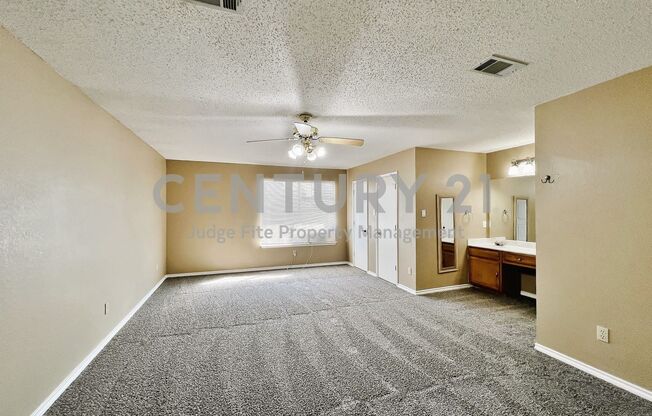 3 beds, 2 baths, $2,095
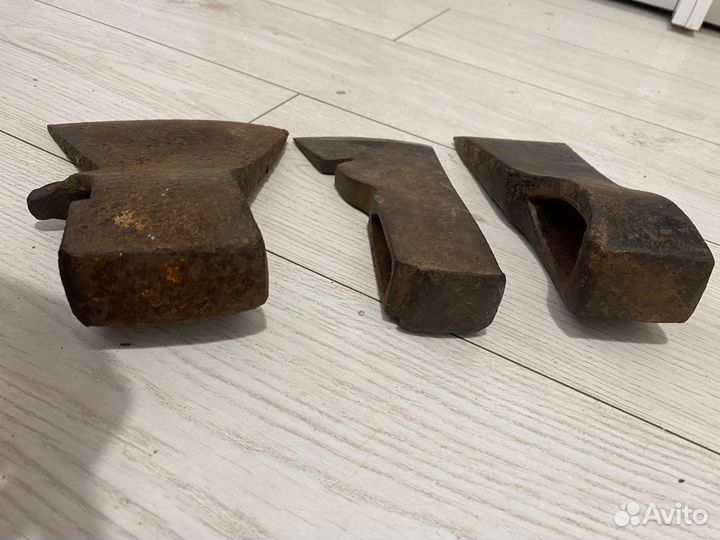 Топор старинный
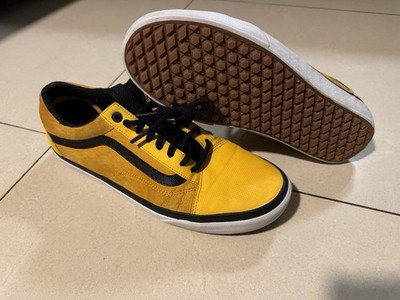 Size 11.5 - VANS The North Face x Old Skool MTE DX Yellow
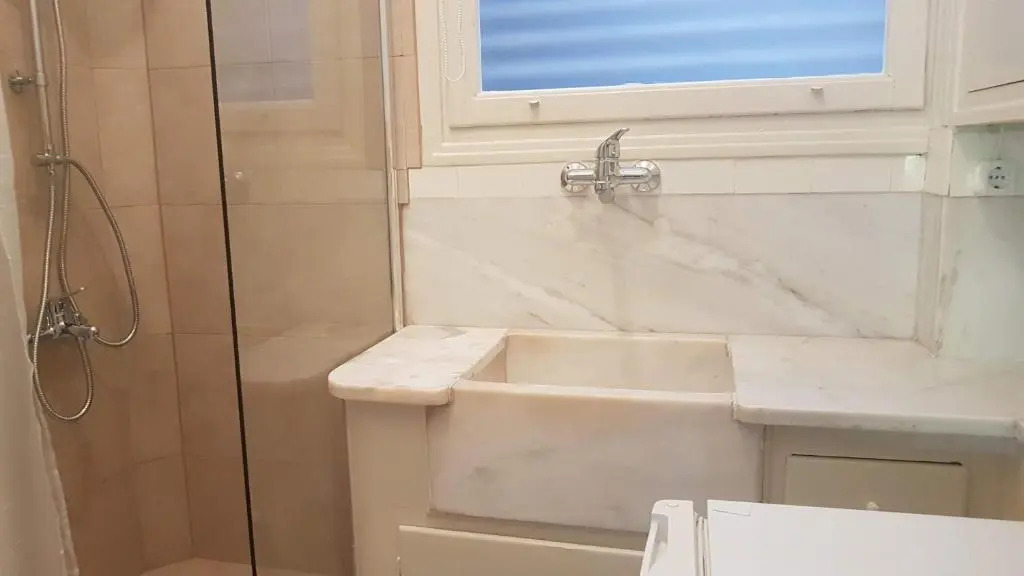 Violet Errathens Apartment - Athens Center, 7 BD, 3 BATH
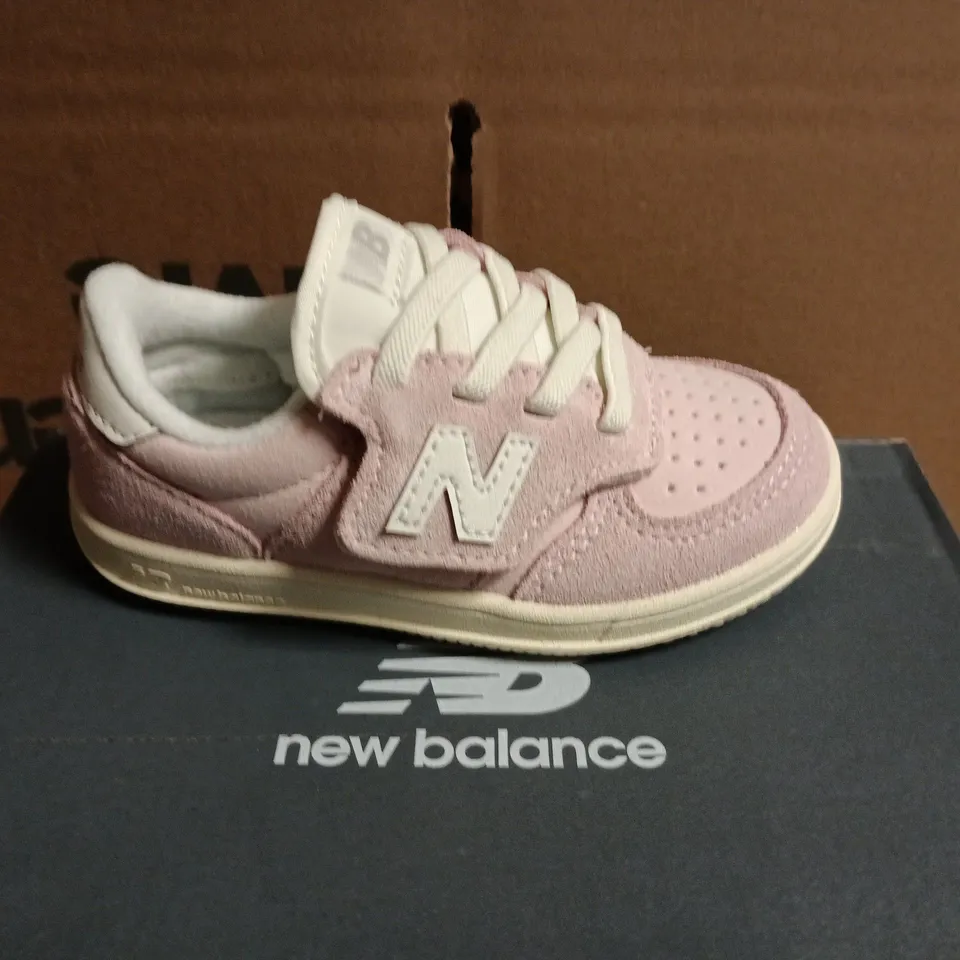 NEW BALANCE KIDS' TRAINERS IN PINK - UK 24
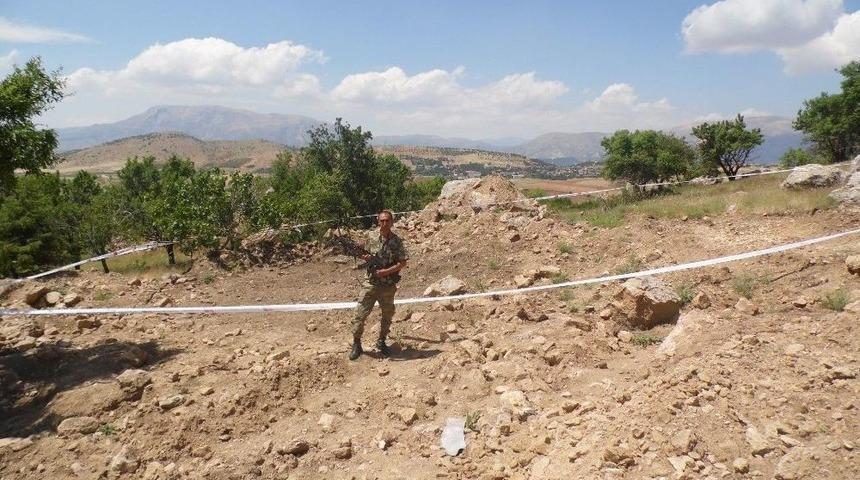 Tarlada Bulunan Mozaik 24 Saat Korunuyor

Work task » Return exactly the lines from the one with "NEW BALANCE KIDS' TRAINERS IN PINK - UK 24" through the last line of the entries above, both ends included. No pictures may appear in the copy.

Result for this task »
 NEW BALANCE KIDS' TRAINERS IN PINK - UK 24
 Tarlada Bulunan Mozaik 24 Saat Korunuyor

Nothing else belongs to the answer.